From its first moments, Saint Cloud announces itself as a much different beast than its predecessor, Out in the Storm. Gone are the tempestuous, overdriven riffs that recalled Neil Young and ‘90s indie rock; in their place are twangy guitars and gentle pianos, both of the acoustic and electric variety. With its burbling synthesizer and drums so puffy you could practically use them as a pillow, opener “Oxbow” sounds closer to country than anything Crutchfield has previously laid to tape, but she remains as warm as ever, especially as she sings the song’s final line—“I want it all”—over and over again like a mantra.
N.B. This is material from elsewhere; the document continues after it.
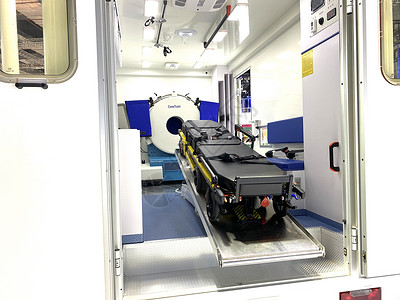 高科技救护车上海会展馆移动CT救护车背景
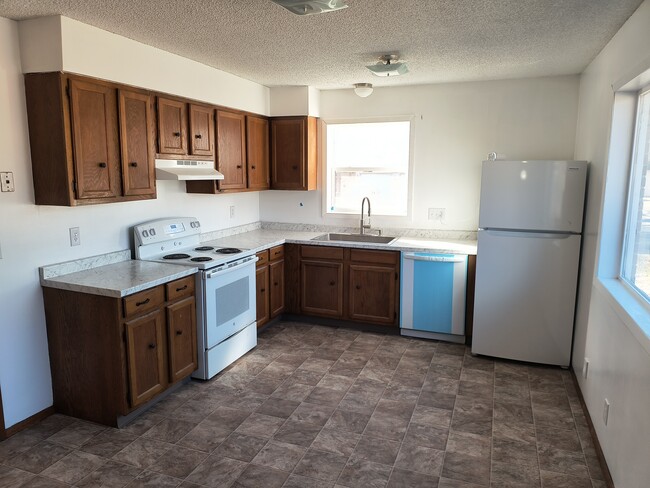 property at 444 Sunnyslope Ct N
It’s a line that “communicate[s] a struggle,” yet feels “hopeful and big and beautiful,” as Crutchfield told Pitchfork in a song-by-song breakdown of Saint Cloud. There are times on the album when Crutchfield’s lyrics feel more vulnerable than hopeful or big. Saint Cloud is her first album since she quit drinking in 2018, and the struggles that come with that change—not just staying sober, but making peace with herself—is all over the lyric sheet. “I get so angry, baby, at something you might say,” she sings on “Lilacs,” a sparkling country-rock standout. She puts the worst of herself on display on “Hell” and “War,” vowing “I’ll put you through hell” and “I’ll keep lying to myself/ …I’m in a war with myself.” And yet, “Lilacs,” “Hell” and “War” pair those ugly thoughts with gorgeous instrumentation.
Of course, Saint Cloud’s hopeful and big moments are more than enough to take your breath away. Crutchfield has described “Can’t Do Much” as “an extremely unsentimental love song,” but she sings “I want you / All the time” and “Love you ‘til the day I die” with such earnestness that it feels like the listener is hearing them for the first time. “The Eye” is a slightly more sentimental love song, but it’ll likely be the first time you hear a line like “You watch me like I’m a jet stream / A scientific cryptogram lit up behind the sunbeam,” as vivid and cryptic as love itself. And on “Fire”—described as “an anthem for self-acceptance and self-love”—Crutchfield assures herself of what she could do if she could just love herself: “If I could love you unconditionally / I could iron out the edges of the darkest sky.”
Saint Cloud saves its best for last, with two of its final three songs ranking among the strongest that Crutchfield has ever written. From its first verse to its last, “Arkadelphia” paints an astonishingly intimate picture of Birmingham, where Crutchfield grew up—the American flags, the five-dollar bags of tomatoes, the deep red clay earth—and of a person she knows from there, who shared her struggle with addiction. Just as devastating is “Ruby Falls,” written for another friend, rendering his life and death in piercing, empathetic detail.
These intimate revelations have long served as the linchpins of Crutchfield’s finest songs. They don’t just take you to places you’ve never been and introduce you to people you’ve never met, they make those places and people feel familiar, like a life you could have lived. Saint Cloud marks Crutchfield’s evolution from gifted songwriter into masterful storyteller, standing shoulder to guitar-slung shoulder beside Lucinda Williams and Linda Ronstadt, Emmylou Harris and Dolly Parton. It is the sound of the rainbow that follows the storm.